SARAJEVO (Reuters) – Milo Djukanovic, Montenegro’s incumbent president who has held high-ranking political posts in the Adriatic country for the last 30 years, launched his bid on Saturday to run for a third term in a presidential election next month.
The March 19 vote will be held as the country is gripped by a year-long political deadlock marked by no-confidence votes in two separate governments and a row between lawmakers and Djukanovic over appointing a new prime minister-designate.
Over the years, Montenegro has been divided between those who identify as Montenegrins and those who see themselves as Serbs and oppose the country’s independence from a former union with neighbouring and much larger Serbia.
The office of president is largely ceremonial in Montenegro, but a Djukanovic victory could trigger an early parliamentary election after the presidential vote because he has so far rejected proposed candidates for the prime minister’s job.

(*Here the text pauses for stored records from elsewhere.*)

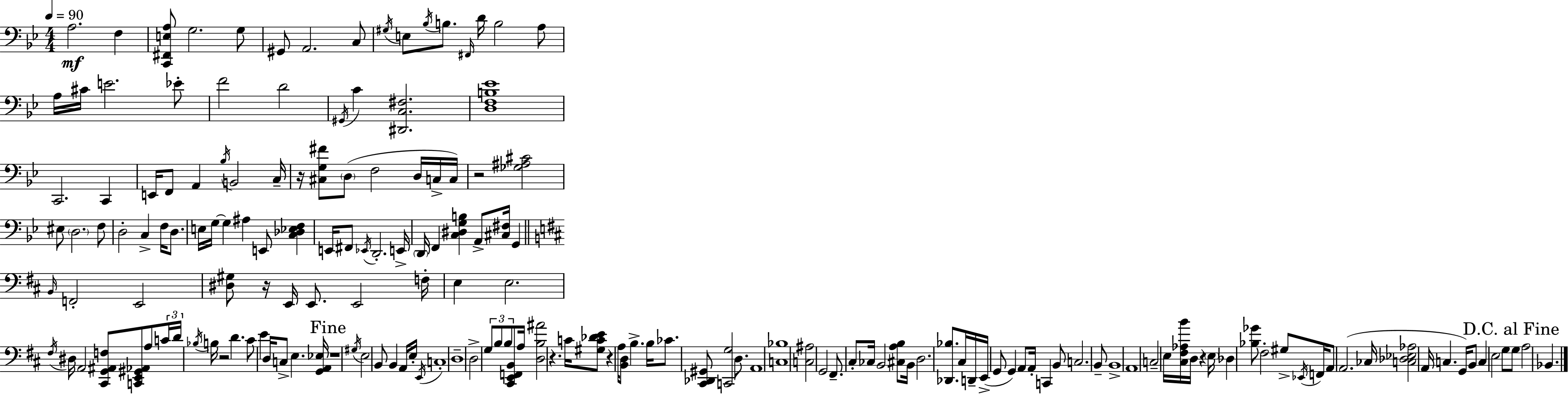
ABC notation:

X:1
T:Untitled
M:4/4
L:1/4
K:Bb
A,2 F, [C,,^F,,E,A,]/2 G,2 G,/2 ^G,,/2 A,,2 C,/2 ^G,/4 E,/2 _B,/4 B,/2 ^F,,/4 D/4 B,2 A,/2 A,/4 ^C/4 E2 _E/2 F2 D2 ^G,,/4 C [^D,,C,^F,]2 [D,F,B,_E]4 C,,2 C,, E,,/4 F,,/2 A,, _B,/4 B,,2 C,/4 z/4 [^C,G,^F]/2 D,/2 F,2 D,/4 C,/4 C,/4 z2 [_G,^A,^C]2 ^E,/2 D,2 F,/2 D,2 C, F,/4 D,/2 E,/4 G,/4 G, ^A, E,,/2 [C,_D,_E,F,] E,,/4 ^F,,/2 _E,,/4 D,,2 E,,/4 D,,/4 F,, [C,^D,G,B,] A,,/2 [^C,^F,]/4 G,, B,,/4 F,,2 E,,2 [^D,^G,]/2 z/4 E,,/4 E,,/2 E,,2 F,/4 E, E,2 ^F,/4 ^D,/4 A,,2 [^C,,G,,^A,,F,]/2 [C,,E,,^G,,_A,,]/2 A,/2 C/4 D/4 _B,/4 B,/4 z2 D ^C/2 E D,/4 C,/2 E, [G,,A,,_E,]/4 z4 ^G,/4 E,2 B,,/2 B,, A,,/4 E,/4 E,,/4 C,4 D,4 D,2 G,/2 B,/2 B,/2 [^C,,E,,F,,B,,]/2 A,/4 [D,B,^A]2 z C/4 [^G,C_DE]/2 z A,/4 [B,,D,]/2 B, B,/4 _C/2 [^C,,_D,,^G,,]/2 [C,,G,]2 D,/2 A,,4 [C,_B,]4 [C,^A,]2 G,,2 ^F,,/2 ^C,/2 _C,/4 B,,2 [^C,A,B,]/2 B,,/4 D,2 [_D,,_B,]/2 ^C,/4 D,,/4 E,,/4 G,,/2 G,, A,,/2 A,,/4 C,, B,,/2 C,2 B,,/2 B,,4 A,,4 C,2 E,/4 [^C,^F,_A,B]/4 D,/4 z E,/4 _D, [_B,_G]/2 ^F,2 ^G,/2 _E,,/4 F,,/4 A,,/2 A,,2 _C,/4 [C,_D,_E,_A,]2 A,,/4 C, G,,/4 B,,/2 C, E,2 G,/2 G,/2 A,2 _B,,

“I am entering the election race with the intention to win quickly and convincingly,” Djukanovic, who heads the Democratic Party of Socialists (DPS), said on Saturday as he submitted his bid with electoral authorities.

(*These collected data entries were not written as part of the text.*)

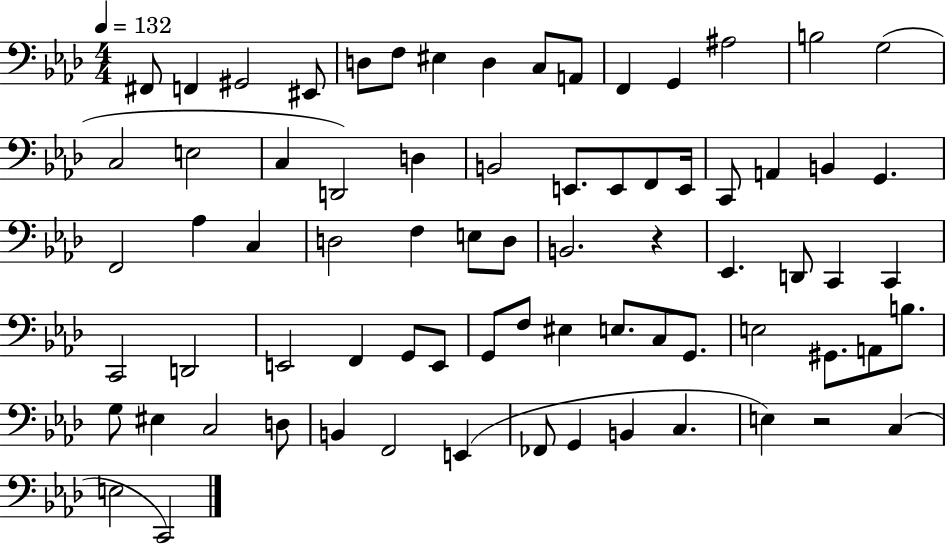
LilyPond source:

{
  \clef bass
  \numericTimeSignature
  \time 4/4
  \key aes \major
  \tempo 4 = 132
  fis,8 f,4 gis,2 eis,8 | d8 f8 eis4 d4 c8 a,8 | f,4 g,4 ais2 | b2 g2( | \break c2 e2 | c4 d,2) d4 | b,2 e,8. e,8 f,8 e,16 | c,8 a,4 b,4 g,4. | \break f,2 aes4 c4 | d2 f4 e8 d8 | b,2. r4 | ees,4. d,8 c,4 c,4 | \break c,2 d,2 | e,2 f,4 g,8 e,8 | g,8 f8 eis4 e8. c8 g,8. | e2 gis,8. a,8 b8. | \break g8 eis4 c2 d8 | b,4 f,2 e,4( | fes,8 g,4 b,4 c4. | e4) r2 c4( | \break e2 c,2) | \bar "|."
}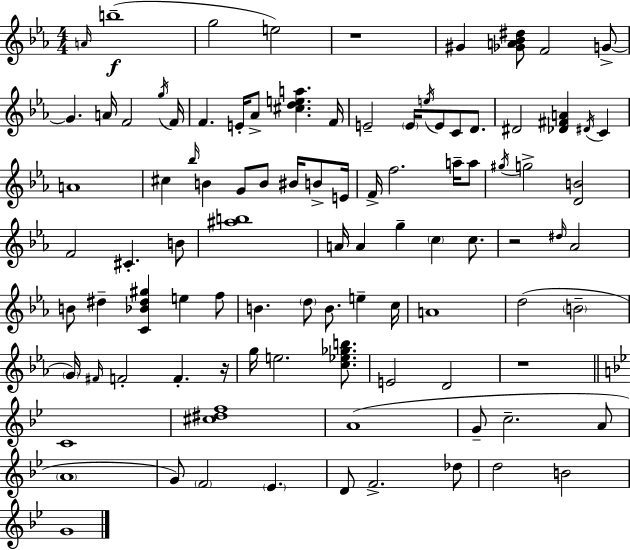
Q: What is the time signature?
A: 4/4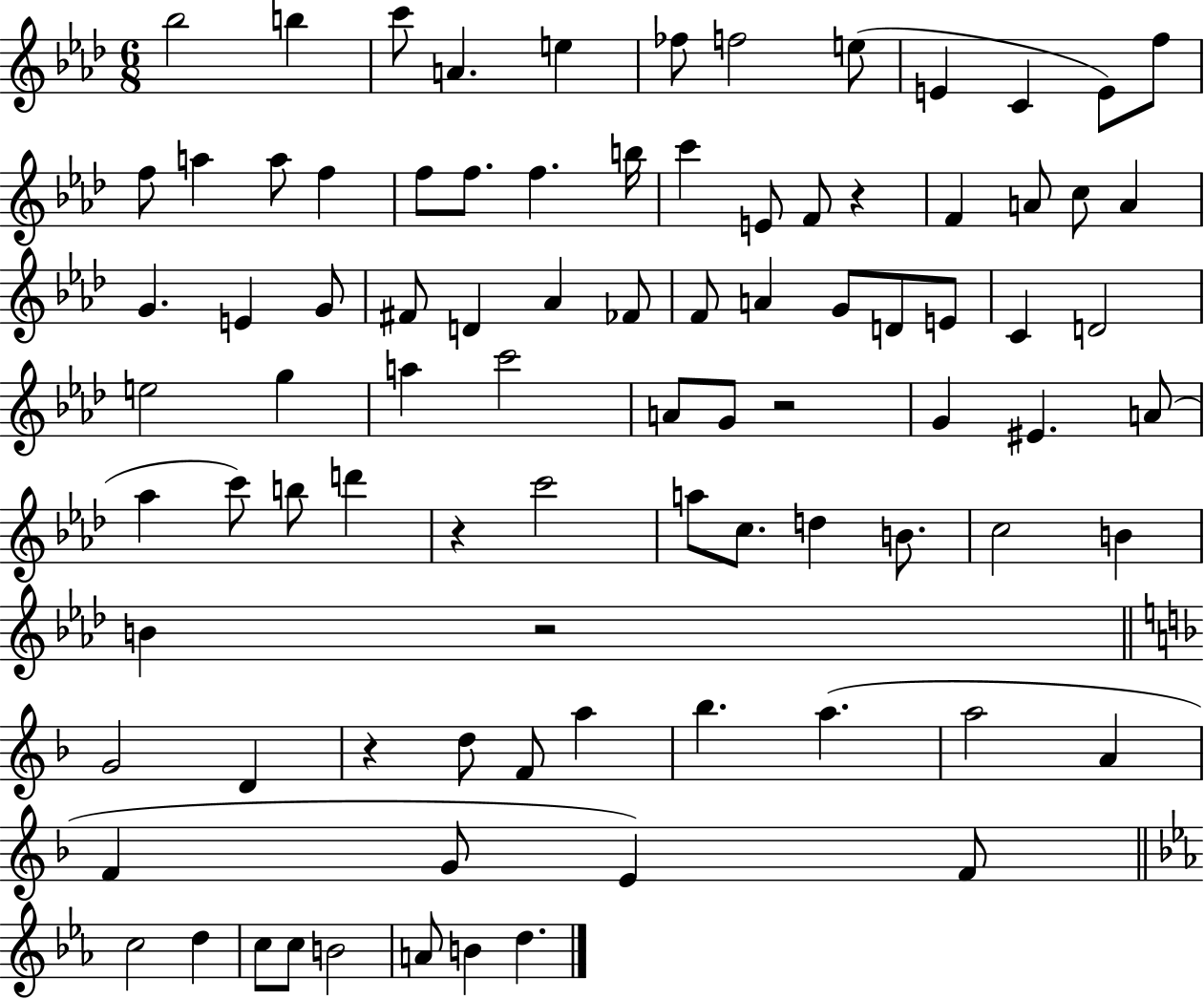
{
  \clef treble
  \numericTimeSignature
  \time 6/8
  \key aes \major
  bes''2 b''4 | c'''8 a'4. e''4 | fes''8 f''2 e''8( | e'4 c'4 e'8) f''8 | \break f''8 a''4 a''8 f''4 | f''8 f''8. f''4. b''16 | c'''4 e'8 f'8 r4 | f'4 a'8 c''8 a'4 | \break g'4. e'4 g'8 | fis'8 d'4 aes'4 fes'8 | f'8 a'4 g'8 d'8 e'8 | c'4 d'2 | \break e''2 g''4 | a''4 c'''2 | a'8 g'8 r2 | g'4 eis'4. a'8( | \break aes''4 c'''8) b''8 d'''4 | r4 c'''2 | a''8 c''8. d''4 b'8. | c''2 b'4 | \break b'4 r2 | \bar "||" \break \key d \minor g'2 d'4 | r4 d''8 f'8 a''4 | bes''4. a''4.( | a''2 a'4 | \break f'4 g'8 e'4) f'8 | \bar "||" \break \key ees \major c''2 d''4 | c''8 c''8 b'2 | a'8 b'4 d''4. | \bar "|."
}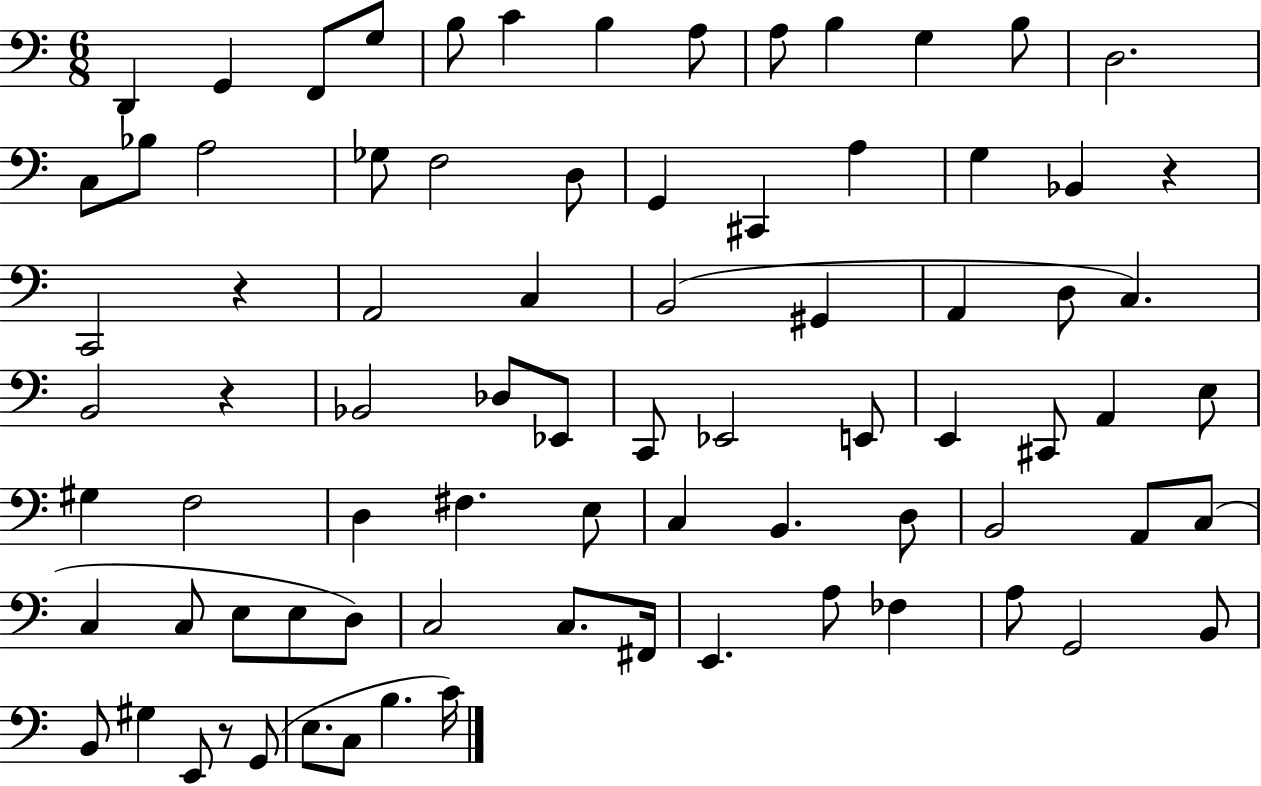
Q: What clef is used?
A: bass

“Montenegro is totally paralysed on its European path and this agony must be stopped as soon as possible,” said Djukanovic, who led Montenegro to its independence from the Serbia-Montenegro state union in 2006, secured NATO membership and put it on the road towards joining the European Union.

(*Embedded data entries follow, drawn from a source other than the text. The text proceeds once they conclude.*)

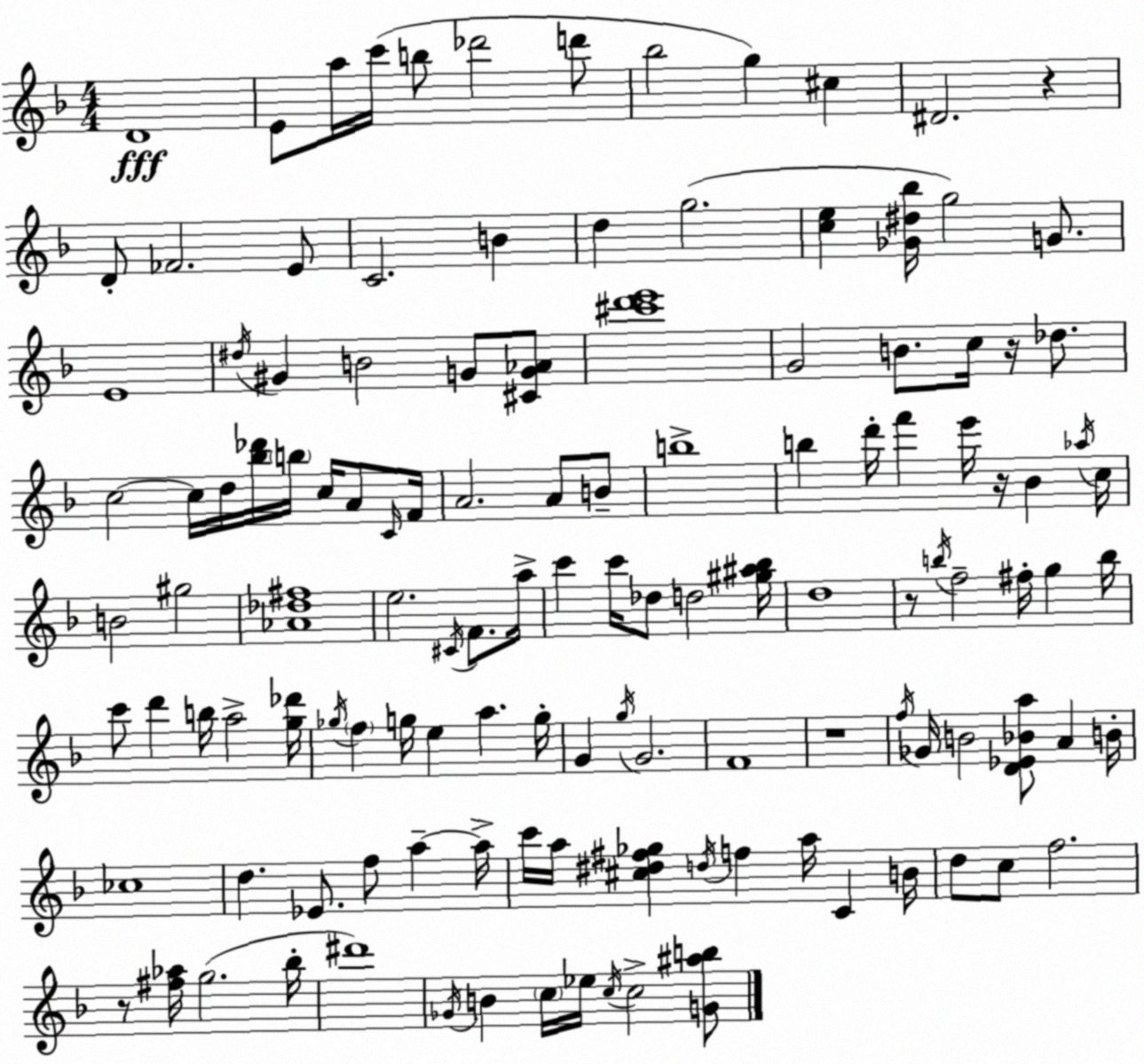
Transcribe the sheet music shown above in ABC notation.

X:1
T:Untitled
M:4/4
L:1/4
K:Dm
D4 E/2 a/4 c'/4 b/2 _d'2 d'/2 _b2 g ^c ^D2 z D/2 _F2 E/2 C2 B d g2 [ce] [_G^d_b]/4 g2 G/2 E4 ^d/4 ^G B2 G/2 [^CG_A]/2 [^c'd'e']4 G2 B/2 c/4 z/4 _d/2 c2 c/4 d/4 [_b_d']/4 b/4 c/4 A/2 C/4 F/4 A2 A/2 B/2 b4 b d'/4 f' e'/4 z/4 _B _a/4 c/4 B2 ^g2 [_A_d^f]4 e2 ^C/4 F/2 a/4 c' c'/4 _d/2 d2 [^g^a_b]/4 d4 z/2 b/4 f2 ^f/4 g b/4 c'/2 d' b/4 a2 [g_d']/4 _g/4 f g/4 e a g/4 G g/4 G2 F4 z4 f/4 _G/4 B2 [D_E_Ba]/2 A B/4 _c4 d _E/2 f/2 a a/4 c'/4 a/4 [^c^d^f_g] d/4 f a/4 C B/4 d/2 c/2 f2 z/2 [^f_a]/4 g2 _b/4 ^d'4 _G/4 B c/4 _e/4 c/4 c2 [G^ab]/2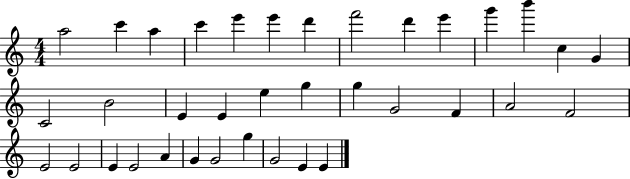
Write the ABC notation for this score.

X:1
T:Untitled
M:4/4
L:1/4
K:C
a2 c' a c' e' e' d' f'2 d' e' g' b' c G C2 B2 E E e g g G2 F A2 F2 E2 E2 E E2 A G G2 g G2 E E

Opponents accuse Djukanovic and the DPS of corruption, links to organised crime and of running the country of some 620,000 people as their personal fiefdom – charges Djukanovic and his party deny.
The state election commission has already approved two other presidential candidates – Andrija Mandic from the ethnic Serb party New Serb Democracy and Draginja Vuksanovic Stankovic of the Social Democratic Party.